The following items need to be appropriately placed in the main segments of the FHP listed above.
· Pictures – these and other visuals may be placed throughout the book, but take care to put them in relevant locations. For example, pictures of you are best placed in your autobiography; group pictures belong in the intro; pictures of grandparents belong with their biographies, etc. Required: put at least one fairly large family picture in your introduction (two work well if one is a picture of your nuclear family and another is of (or includes) your extended family. Captions: many pictures need some explanation, including identification of people and places or things. Some students have ‘picture pages’ in various places; this is fine as long as they are appropriately located and identifiable. Tips: do not overdo it; a healthy number of pictures is fine, but remember, this is not just a scrapbook or photo album, the FHP is an historical document.

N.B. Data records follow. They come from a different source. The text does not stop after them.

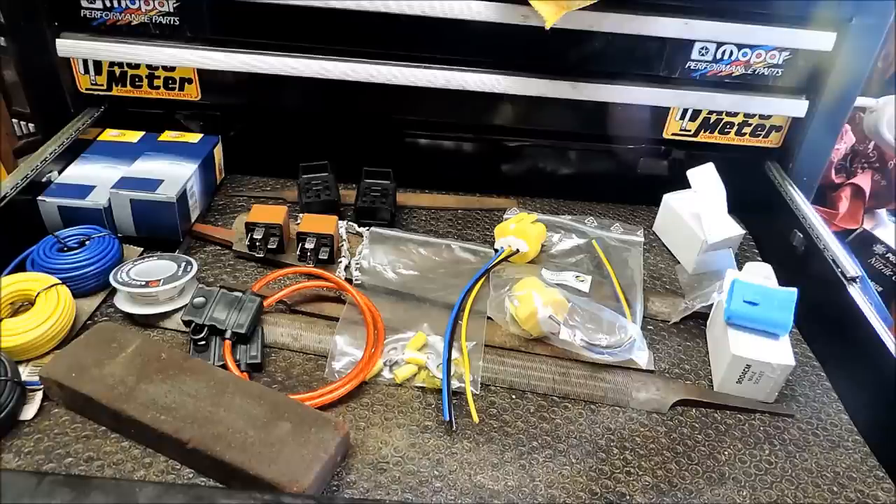Frankly, maybe 10 to 15 bucks' worth of stuff outside of the actual kit is needed if you don't have it all lying around. We'll go ahead and look at the car this is going in — certainly a very nice relay kit versus the actual condition of the automobile, but I've had it a long time and I want to keep it on the road for as long as possible.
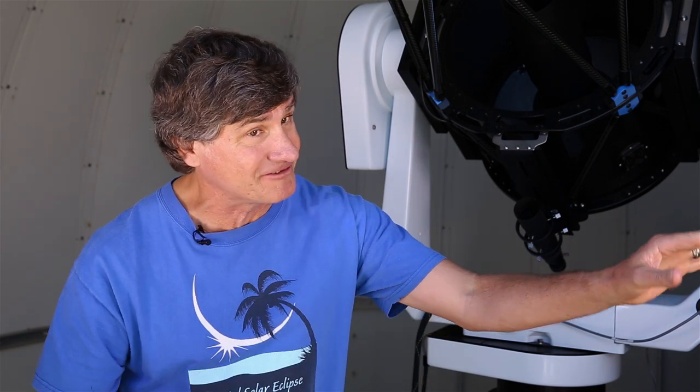The excitement building up to totality is extreme. So I suggest you go to the bathroom 20 or 30 minutes ahead of time, because when totality is approaching and you need to go, you don't want to have to go. You don't want to miss any part of totality.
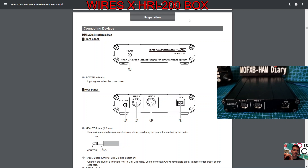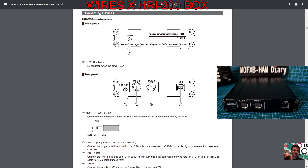Welcome to my channel. We're looking at the Wires-X HRI-200 box with a quick look at the front panel and connectors. On the front panel you've just got the power LED, and when you plug in the USB connector it will come to life and light up green.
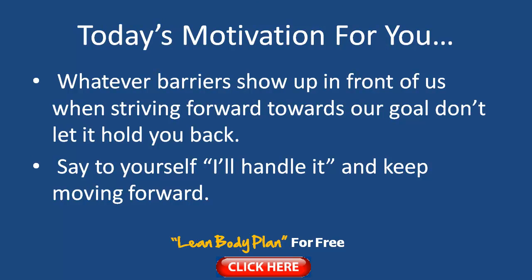Today's motivation: whatever barriers show up in front of us when we're striving to reach our goal, don't let it hold you back — because listen carefully, success is just around the corner. I've always been told this and it's true. If you don't give up, you're going to start seeing some great results. You might not get the results straight away that you want, but it's all a test. Just stay on track, don't give up, keep plowing forward, and I guarantee the results will start to come your way if you don't quit.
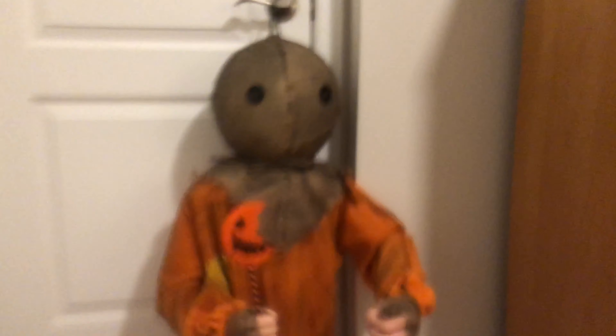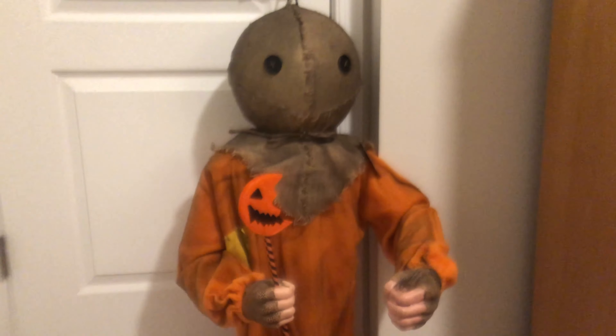Hey guys, this is Michael Myers 101, and today I'm showing you guys my 3.5 foot Hanging Sam decoration that I just picked up at Spirit Halloween Store.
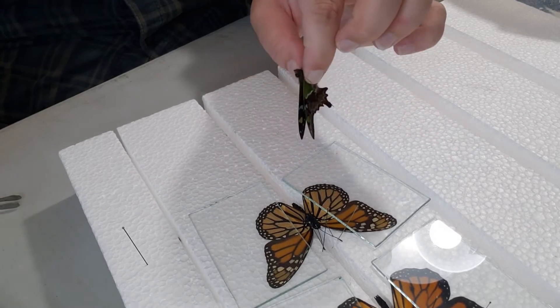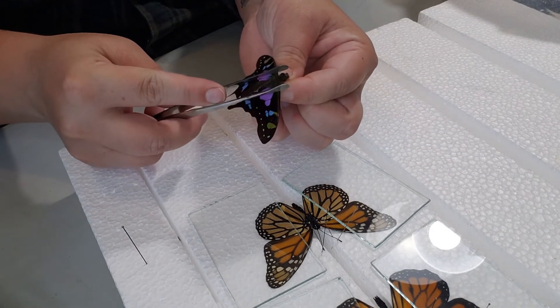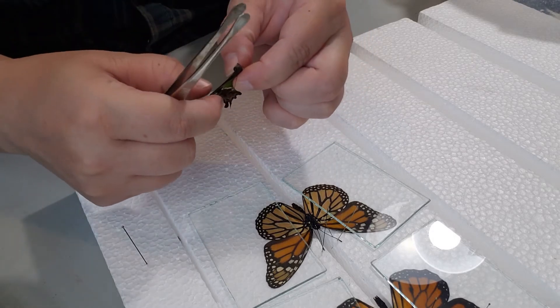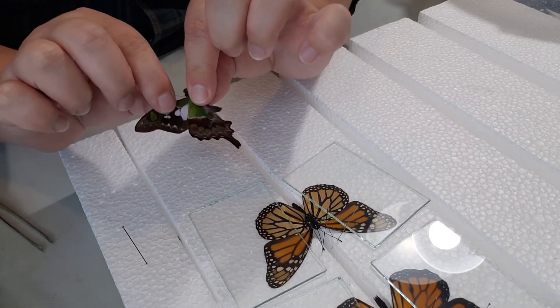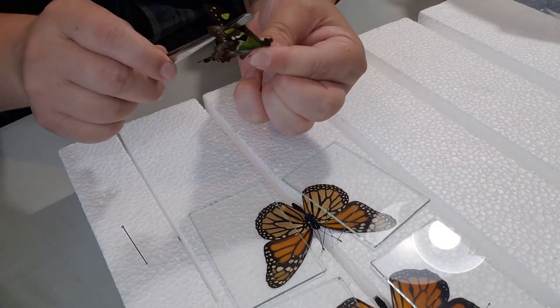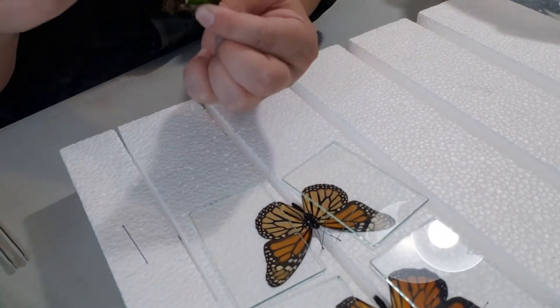The trick with the Graphium weiskei is that because they're smaller, the way their wings are laid out, the wings have a tendency to overlap each other — they'll flip. You may have a problem where the hind wing comes over the forewing, so you need to be cautious of that.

Pictures cannot be a substitute for the written requirements of the project.
· Jokes and Anecdotes – these should be interspersed throughout the book. Spice things up! Have you been caught with your hand in the cookie jar? Is/was anyone a maverick or ‘black sheep?’ All of us have been a ‘Calvin’ with a stuffed tiger named Hobbes at some time.
· Creative or Literary Sidebars – [needs to be defined; perhaps a ‘see separate instruction’ which can be developed by the Threads instructors.]